In Astrid Specht Seeberg’s exhibition Hope, Specht Seeberg creates an epistemological and psychological space directly inspired by oceanscapes. The exhibition investigates the relationship between the inner life of humans and an external maritime nature. With a symbolic and dreamlike maritime visual language, the works articulate the connection between the oceanic subsurface and the human subconscious. In Hope, Specht Seeberg presents the sea as a parallel reflection of the human mind and psychological plasticity—both full of possible emotional currents and transformative potentials.
The artist’s works can be placed within an art-historical tradition in which nature is understood as a projection of subjective and existential experiences—from the inner landscapes of Symbolism to Surrealism’s visualisation of the unconscious. Specht Seeberg positions herself within this tradition with a contemporary eco-critical inflection, in which humanity’s relationship to nature, beyond its poetic potential, is intrinsically political and ethically charged.
Specht Seeberg’s working process is clearly dialogical with the material and an extension of her own imagination, and in certain works her own hands appear as indexical traces of the body — she upholds an insistence on presence, vulnerability, and physical anchoring in an otherwise fluid and imaginary pictorial space.
Hope consists as a polyphonic space of communication and emptiness. The colours and organic forms of the sculptures stand in contrast to emptiness, stillness, and absence, which points to an ontological oscillation between being and dissolution. This structure can be understood as a reflection on the fundamental duality of existence: between becoming and destruction, autonomy and disempowerment, movement and stasis. Through its title, the exhibition emphasises that it appeals to the viewer’s hope, while hope in the exhibition does not manifest as a linear idea, but as a cyclical and persistent movement that endures despite the inevitability of upheaval.
Astrid Specht Seeberg’s thematic approach may lead the viewer toward thinkers such as Donna Haraway, who with her eco-critical theories, much like Specht Seeberg’s, whose works depict humanity as an incongruous being: at once an invasive species that is destructive to the very natural cycles on which we depend. This ambivalence unfolds through depictions of metamorphosis and fluid identity markers, where the boundaries between human, animal, and natural environments are destabilised.
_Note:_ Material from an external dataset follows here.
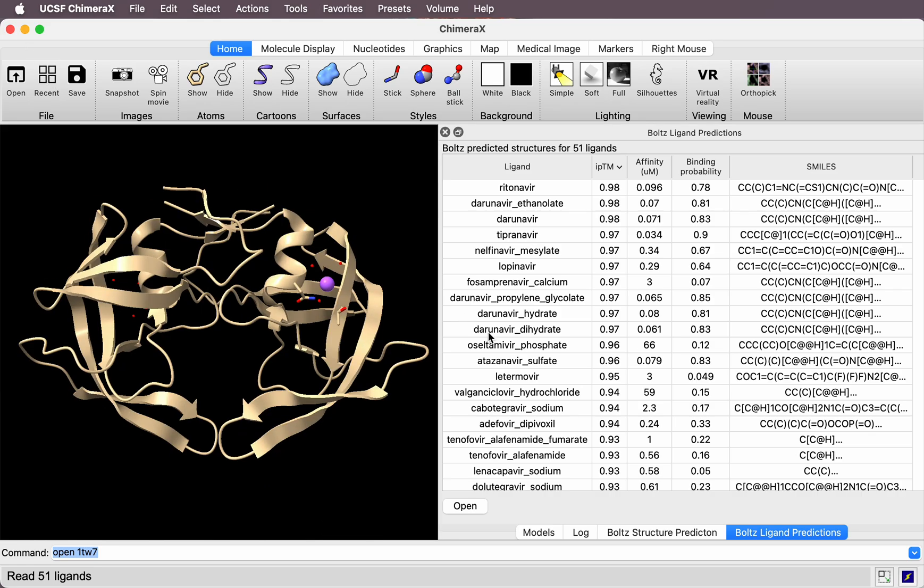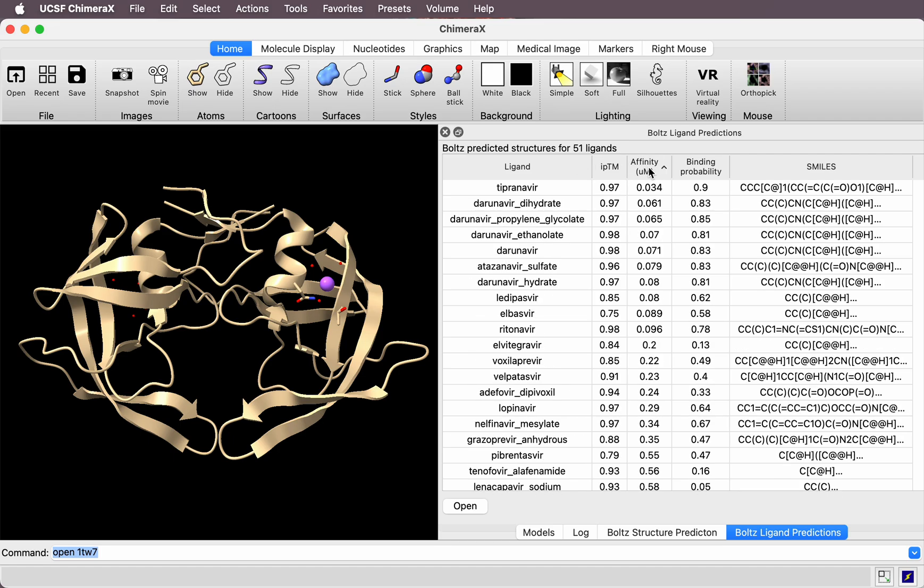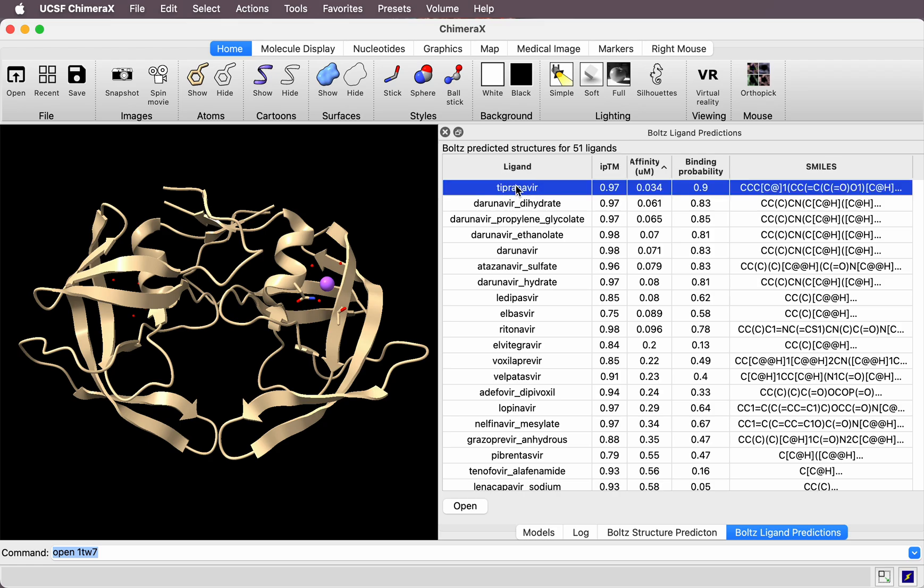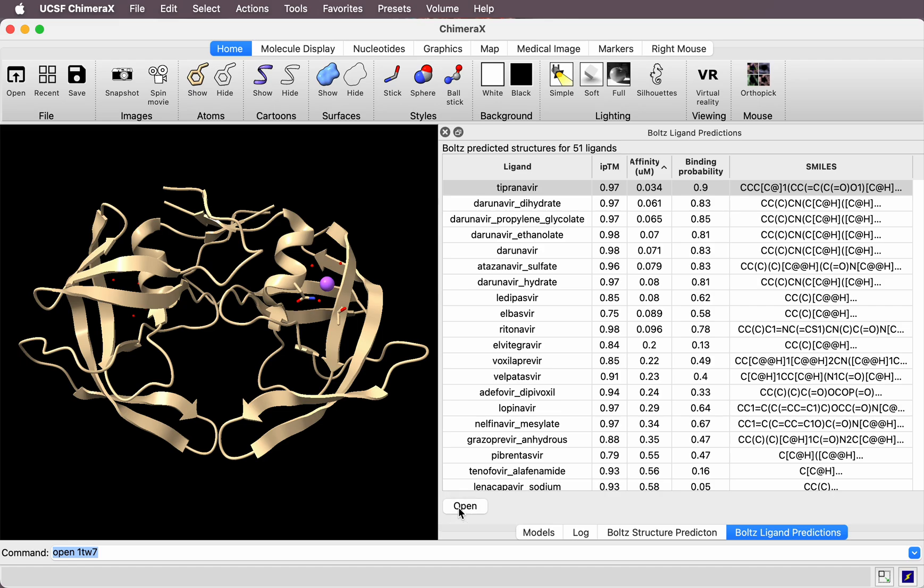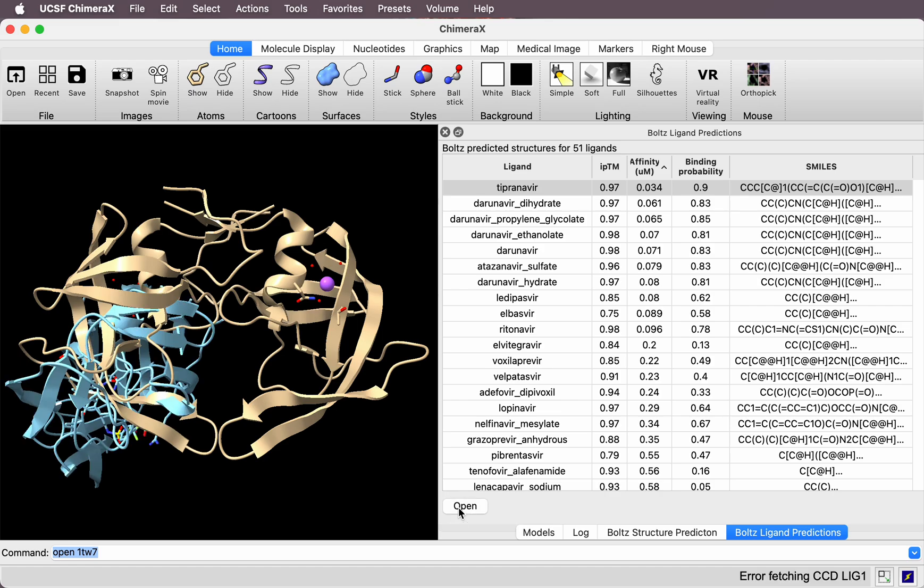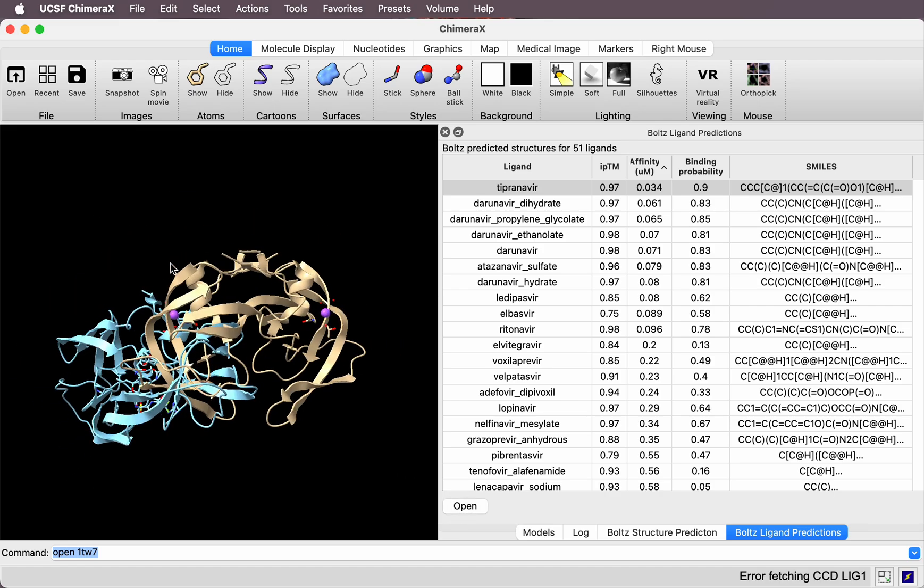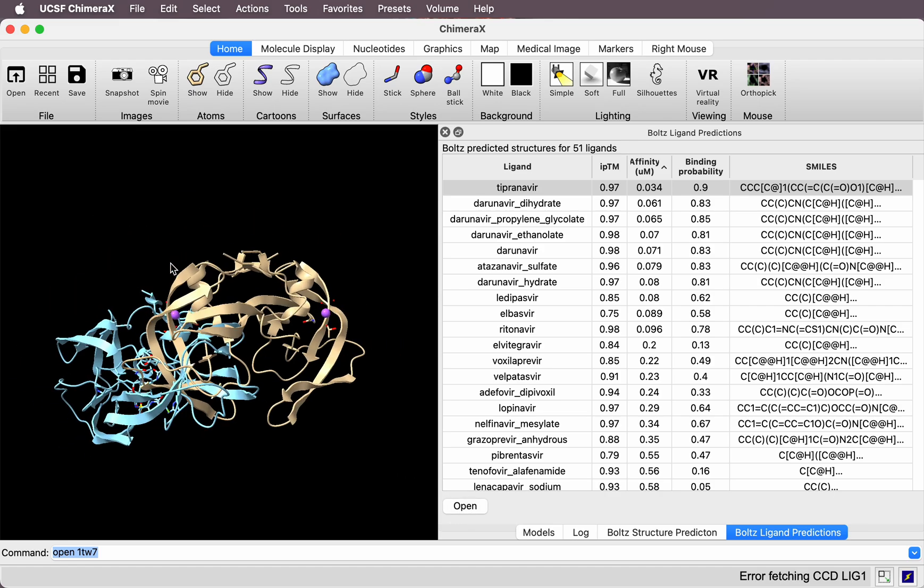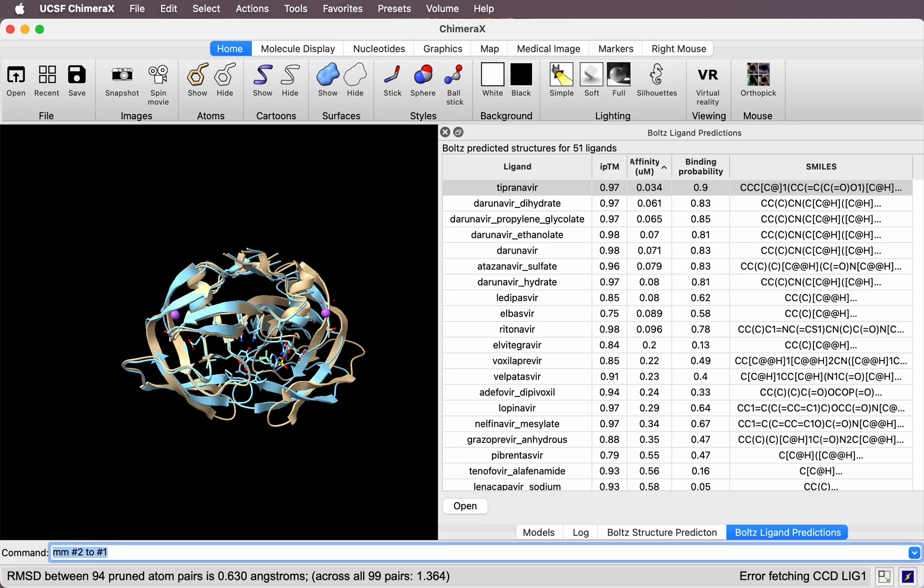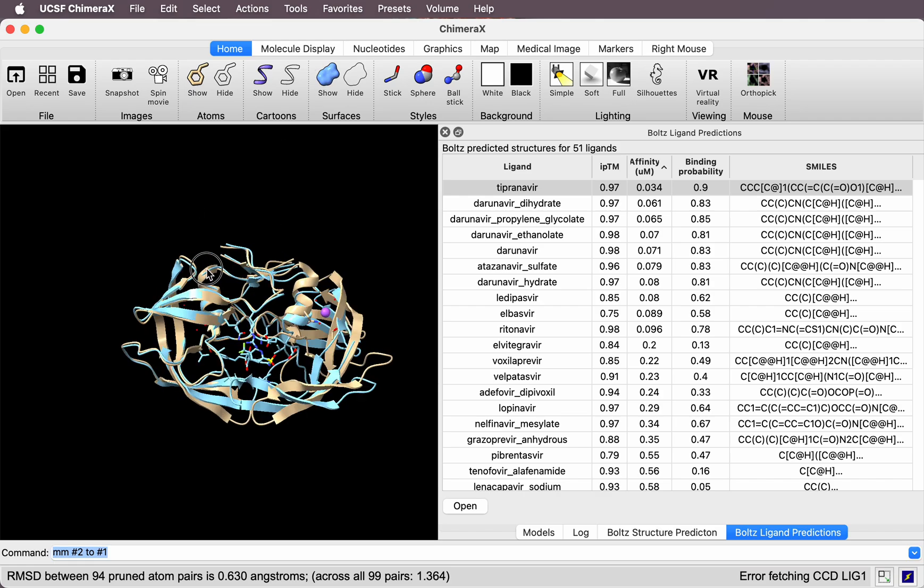You see they have a confidence score, affinity score, and binding probability in the table. You can sort by affinity by clicking on the affinity column. You can open one or more structures by selecting them and clicking the open button. Here it didn't align to the original structure—I can align it with the matchmaker command.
Specht Seeberg’s works insist that knowledge and transformation must originate in an inner sensibility. By evoking an affective and bodily resonance in the viewer, the exhibition seeks to raise awareness of human nature’s responsibility in relation to the fragile ecosystems of the aquatic world. Hope functions here as a methodological and ethical beacon—a prerequisite for both self-understanding and collective action.
On Hope, Specht Seeberg herself says:
“Through the ocean we come into contact with our emotional life and subconscious. The works are an extension of my imagination, symbols. All beings contain infinite hope, this hope taking its starting point in curiosity and becomes life-sustaining. Nothing of substance is achieved without enthusiasm and belief.”